# Kobukai…"The Rhithm of the Nature”...



## tetrax (Oct 29, 2006)

Hi everyone,
this is my second layout in this forum.............

Specs....
Tank:70x50x45
Light: 5x24w t5 (8000K)(change this week to ADA NA lamp 150w-Green+2x24w t5)
Substrate: Aquasoil Amazonia+power sand M(penac W-P, bacter 100, tourmaline BC,clear super)
Fertilizer:Brighty K, Step 2, Special Lights.
Water changes 50% weekly
Fauna: Paracheirodon innesi, Hemingrammus Armstrongi, Hyphessobricon amandae, ottocinclus sp.
Flora: Ludwigia Arcuata, Ludwigia Brevipes, Myriophyllum mattogrossense (green), Rotala rotundifolia, Rotala sp. green, Eleocharis Parvulus, Microsorum Narrow, Bolbitis heudelotii,Vesicularia Ferrei










Rotala Sp. Green.........










Best Regards, Pepe.


----------



## gravy9 (Aug 28, 2008)

Very nice tank, Pepe. Nice color balance. How long have you had the tank for? 

regards,
Ravi


----------



## tetrax (Oct 29, 2006)

gravy9 said:


> Very nice tank, Pepe. Nice color balance. How long have you had the tank for?
> 
> regards,
> Ravi


Gravy9, the layout has 6 months.

Regards, Pepe.


----------



## zer0zax (Mar 25, 2007)

Awesome! I love your use of wood, some of it has moss, but most is exposed, very nice! It looks like old growth, very stable!


----------



## knocks (Jan 26, 2005)

Great tank!
Amazing reds and that Hemingrammus Armstrongi make me crazy!
Good work!

Regards,

Luís


----------



## tetrax (Oct 29, 2006)

Hi, thanks for the comments..........

Luis.......one snapshot of my Hemigrammus Armstrongi...........beautiful fishes.............:bounce:










Regards, Pepe.


----------



## K20A2 (Aug 12, 2006)

Beautiful tank!

I really like the two different colors of those fish and how they look exactly the same. I'm sure that makes the school really impressive to watch.

And that top angled shot of the rotala is really cool too.


----------



## macclellan (Feb 28, 2007)

Nice depth!


----------



## tetrax (Oct 29, 2006)

Hi, a frontal update................










Regards!!


----------



## Dan S (Nov 28, 2008)

My goodness, that is awesome!! Good job!

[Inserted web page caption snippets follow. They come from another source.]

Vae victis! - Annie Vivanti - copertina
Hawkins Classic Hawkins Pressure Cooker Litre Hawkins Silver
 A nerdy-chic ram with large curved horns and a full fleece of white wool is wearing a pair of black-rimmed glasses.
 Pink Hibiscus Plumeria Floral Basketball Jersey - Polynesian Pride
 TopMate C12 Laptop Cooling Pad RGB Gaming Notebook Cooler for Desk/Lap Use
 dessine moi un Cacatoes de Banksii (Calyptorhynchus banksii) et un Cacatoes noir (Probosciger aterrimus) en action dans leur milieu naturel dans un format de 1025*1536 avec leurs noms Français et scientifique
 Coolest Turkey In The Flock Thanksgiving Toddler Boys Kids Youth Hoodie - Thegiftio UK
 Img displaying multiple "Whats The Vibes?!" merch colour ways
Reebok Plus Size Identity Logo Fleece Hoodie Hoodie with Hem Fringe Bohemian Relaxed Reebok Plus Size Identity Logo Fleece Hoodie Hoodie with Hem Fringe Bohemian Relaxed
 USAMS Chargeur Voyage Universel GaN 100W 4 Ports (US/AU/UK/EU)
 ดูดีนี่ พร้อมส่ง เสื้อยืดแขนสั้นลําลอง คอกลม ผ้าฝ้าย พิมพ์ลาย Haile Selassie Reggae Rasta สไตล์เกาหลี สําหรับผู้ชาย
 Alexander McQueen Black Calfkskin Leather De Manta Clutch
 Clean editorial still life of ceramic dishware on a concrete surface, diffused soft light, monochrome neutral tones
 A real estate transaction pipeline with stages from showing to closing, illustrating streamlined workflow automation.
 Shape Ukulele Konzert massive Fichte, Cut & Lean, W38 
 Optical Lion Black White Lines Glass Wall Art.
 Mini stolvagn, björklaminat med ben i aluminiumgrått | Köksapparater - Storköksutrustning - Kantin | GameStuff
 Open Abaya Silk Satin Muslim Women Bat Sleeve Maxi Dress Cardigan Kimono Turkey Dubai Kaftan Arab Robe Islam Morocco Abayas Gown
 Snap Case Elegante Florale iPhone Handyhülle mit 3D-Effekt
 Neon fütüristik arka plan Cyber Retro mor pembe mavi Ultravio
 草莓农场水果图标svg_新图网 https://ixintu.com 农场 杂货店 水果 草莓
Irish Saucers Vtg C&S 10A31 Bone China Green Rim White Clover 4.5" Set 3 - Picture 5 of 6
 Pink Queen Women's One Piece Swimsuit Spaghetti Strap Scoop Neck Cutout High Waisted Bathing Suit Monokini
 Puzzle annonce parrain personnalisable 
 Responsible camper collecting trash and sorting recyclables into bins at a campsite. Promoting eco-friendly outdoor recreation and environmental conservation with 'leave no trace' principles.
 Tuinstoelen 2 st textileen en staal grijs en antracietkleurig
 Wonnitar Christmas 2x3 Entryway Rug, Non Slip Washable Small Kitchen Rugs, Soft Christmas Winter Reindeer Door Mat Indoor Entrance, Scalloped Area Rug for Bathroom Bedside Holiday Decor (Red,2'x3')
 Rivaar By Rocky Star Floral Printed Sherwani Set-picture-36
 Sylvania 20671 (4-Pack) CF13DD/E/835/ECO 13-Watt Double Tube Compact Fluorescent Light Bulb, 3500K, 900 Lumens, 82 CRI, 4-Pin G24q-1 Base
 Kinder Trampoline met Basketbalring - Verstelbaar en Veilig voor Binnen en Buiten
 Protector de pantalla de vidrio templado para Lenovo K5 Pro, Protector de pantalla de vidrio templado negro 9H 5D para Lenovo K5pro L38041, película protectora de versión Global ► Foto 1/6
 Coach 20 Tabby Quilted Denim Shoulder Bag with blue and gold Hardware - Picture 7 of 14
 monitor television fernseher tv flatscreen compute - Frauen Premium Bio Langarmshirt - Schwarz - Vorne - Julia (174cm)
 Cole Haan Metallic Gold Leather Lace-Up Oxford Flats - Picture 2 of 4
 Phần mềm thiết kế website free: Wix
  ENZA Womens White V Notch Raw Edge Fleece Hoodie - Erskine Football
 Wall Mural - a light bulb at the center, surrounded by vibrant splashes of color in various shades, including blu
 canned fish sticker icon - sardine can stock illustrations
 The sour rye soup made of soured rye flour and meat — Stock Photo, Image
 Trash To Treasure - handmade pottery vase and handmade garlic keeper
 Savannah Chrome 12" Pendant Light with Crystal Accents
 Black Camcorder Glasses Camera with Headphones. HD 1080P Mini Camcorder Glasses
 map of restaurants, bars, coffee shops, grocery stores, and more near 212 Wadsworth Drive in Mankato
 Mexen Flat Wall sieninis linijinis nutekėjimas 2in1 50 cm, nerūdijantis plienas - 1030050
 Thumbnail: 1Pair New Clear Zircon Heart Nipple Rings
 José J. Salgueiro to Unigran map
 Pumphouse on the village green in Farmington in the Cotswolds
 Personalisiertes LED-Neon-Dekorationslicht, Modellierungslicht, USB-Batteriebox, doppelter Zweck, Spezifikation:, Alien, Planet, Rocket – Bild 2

I love the overhead shot of the Rotala.


----------



## chadly (Dec 19, 2005)

holy crypts batman! beautiful rotalas! 

do you have any pics of the hardscape before it was planted?


----------



## chuck griffin (Sep 21, 2006)

well done!! i wish mine looked half as nice


----------



## tetrax (Oct 29, 2006)

Thanks for the comments.

Chadly, I do not lamentably have a hardscape's pic, because I change the wood in the 3 months after the set-up, if you visit my blog, in some early entries, you can see what I tell him.

Regards, Pepe.


----------



## gravy9 (Aug 28, 2008)

Impressive, again!

I'm green with envy.


----------



## tetrax (Oct 29, 2006)

Hi guys, I want to be grateful to the whole APC's team, 
for the article " Tank of the Month".

I´m very happy.:cheer2::cheer2:


Regards, Pepe.


----------



## Pinto (Mar 22, 2008)

Congratulation and AWESOME tank!!!
Love the Rotala Sp. Green!


----------



## Loren27 (Feb 5, 2009)

Hi Pepe :high5:. I'm new here and would like to give you congratulations :first:, in APC too :mrgreen:.

Best regards.

Loren


----------



## Krtismo (Jul 13, 2006)

Amazing!


----------